Erklärung des Geschäftsführenden Vorstands der Gewerkschaft Erziehung und Wissenschaft (GEW) aus Anlass der Erdbeben-, Tsunami- und Atomkatastrophe in Japan

  1. Wir sind schockiert über die verheerenden Auswirkungen der Erdbeben-, Tsunami- und Atomkatastrophe in Japan. Die GEW spricht den Mitgliedern ihrer Partnergewerkschaft JTU, ihren Kolleginnen und Kollegen in den japanischen Bildungseinrichtungen sowie allen Opfern der Katastrophe und den Menschen in Japan ihre tiefe Anteilnahme und Solidarität aus. Über unsere weltweite Dachorganisation, die Bildungsinternationale, werden wir die japanischen Kolleginnen und Kollegen in den nächsten Wochen und Monaten unterstützen, soweit es in unserer Macht steht.
  2. Als Bildungsgewerkschaft gehen wir in unserer tagtäglichen Arbeit von der Leitidee gleicher Lebens- und Bildungschancen aller Menschen aus. Wir sind dem Ziel eines menschenwürdigen und unversehrten Lebens der heutigen und künftigen Generationen verpflichtet. Die GEW bekräftigt daher ihre klare Absage an eine Nutzung der Atomenergie. Sie fordert die sofortige Zurücknahme der Laufzeitverlängerung von Atomkraftwerken und den umgehenden Einstieg in einen konsequenten Ausstieg aus der Atomenergie.
  3. Die GEW ruft die im Bildungsbereich tätigen Kolleginnen und Kollegen auf, Kinder, Jugendliche und Erwachsene bei der Verarbeitung der Katastrophe in Japan zu unterstützen und sich in Lehre, Unterricht und Erziehung, in Arbeitsgruppen und öffentlichen Veranstaltungen kritisch mit den Gefahren der Atomkraft auseinanderzusetzen.
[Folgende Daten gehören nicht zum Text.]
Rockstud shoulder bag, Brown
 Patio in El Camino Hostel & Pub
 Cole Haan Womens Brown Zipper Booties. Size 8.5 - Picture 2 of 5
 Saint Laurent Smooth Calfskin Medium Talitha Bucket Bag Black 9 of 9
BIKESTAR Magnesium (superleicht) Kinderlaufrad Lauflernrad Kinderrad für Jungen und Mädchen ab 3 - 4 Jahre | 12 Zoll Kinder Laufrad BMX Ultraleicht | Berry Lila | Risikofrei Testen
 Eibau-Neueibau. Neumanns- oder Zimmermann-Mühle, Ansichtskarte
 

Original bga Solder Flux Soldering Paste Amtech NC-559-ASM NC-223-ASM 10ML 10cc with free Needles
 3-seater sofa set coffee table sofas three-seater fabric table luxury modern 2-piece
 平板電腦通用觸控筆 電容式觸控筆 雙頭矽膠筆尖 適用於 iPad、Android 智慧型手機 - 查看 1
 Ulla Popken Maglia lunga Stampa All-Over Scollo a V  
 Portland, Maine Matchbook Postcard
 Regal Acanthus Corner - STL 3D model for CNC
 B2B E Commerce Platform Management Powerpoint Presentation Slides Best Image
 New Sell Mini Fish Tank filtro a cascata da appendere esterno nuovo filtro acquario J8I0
Die GEW fordert die Verankerung von Bildung für eine nachhaltige Entwicklung in den Lehrplänen und Curricula an Schulen und Hochschulen.
  4. Die GEW erwartet von Hochschulen, Forschungseinrichtungen, Forschungsförderorganisationen sowie den einzelnen Forscherinnen und Forschern, dass sie die Folgen ihrer wissenschaftlichen Tätigkeit stets reflektieren und sich der gesellschaftlichen Verantwortung von Wissenschaft stellen. Hochschulen und Forschungseinrichtungen müssen Forschungs- und Technologiefolgen systematisch erforschen und die Ergebnisse einer öffentlichen Diskussion zugänglich machen.